Julia Louis-Dreyfus' smirk of satisfaction to finally repel unwanted conversation is one the funniest moments on the show.

The Yada Yada (Season 8, Episode 19)

"The Yada Yada" features one of the most quotable moments in "Seinfeld." George's girlfriend introduces the phrase "yada, yada, yada" into the group's vernacular. The phrase is used to sum up stories and gloss over inconsequential or inconvenient details, and it takes to the gang like wildfire. Elaine uses the phrase to spruce up disappointing dating stories, and Julia Louis-Dreyfus' delivery of the phrase in this episode is hilarious and perfectly outlines its many applications. As far as the story goes, Elaine messes up Beth Lukner's attempt to adopt a child, but her most memorable scene includes Louis-Dreyfus' razor-sharp delivery of the line, "No, I mentioned the bisque."  
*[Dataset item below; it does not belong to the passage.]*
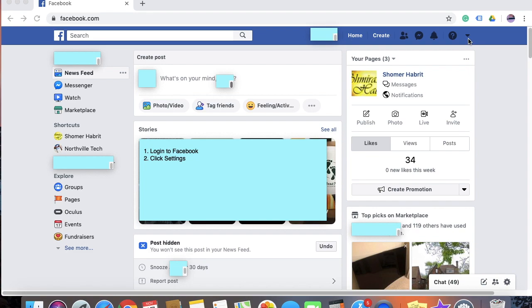Once you have logged into Facebook, click on the small inverted triangle next to the question mark.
This episode introduced the phrase to real-world vernacular as well. All kinds of lingo and catchphrases from "Seinfeld" became iconic, influencing culture in a huge way. Incidentally, "The Yada Yada" is also one of Bryan Cranston's best "Seinfeld" episodes. Cranston's character Tim Whatley converts to Judaism, one thing leads to another, and before long Kramer is accusing Jerry of being an anti-dentite.

The Pick (Season 4, Episode 13)

"The Pick" is one of the most memorable Elaine-centric episodes of "Seinfeld." If the title doesn't jog your memory, one word will: nipple. 

Elaine enlists Kramer to take photos for her holiday cards. Unbeknownst to her, the cards contain a fateful blunder — her exposed nipple. Elaine doesn't catch the nip slip until too late and cards are in the mail, leading to an episode of absolute hilarity as Elaine struggles to cope with the increased exposure the cards brought her. Kramer and Jerry say it's not a big deal; however, they're the only people who think so. Elaine spends the entire episode answering annoying, nip-related inquiries from her friends, coworkers, and family.

Julia Louis-Dreyfus shows off her range as Elaine is wonderfully horrified throughout the episode, fluctuating across a spectrum of desperate optimism, humiliation, and rage that's hilariously externalized on George when he complains about not receiving a card at just the wrong time. Despite the annoying slut-shaming from Elaine's boyfriend, Julia Louis-Dreyfus shines like crazy in this classic episode.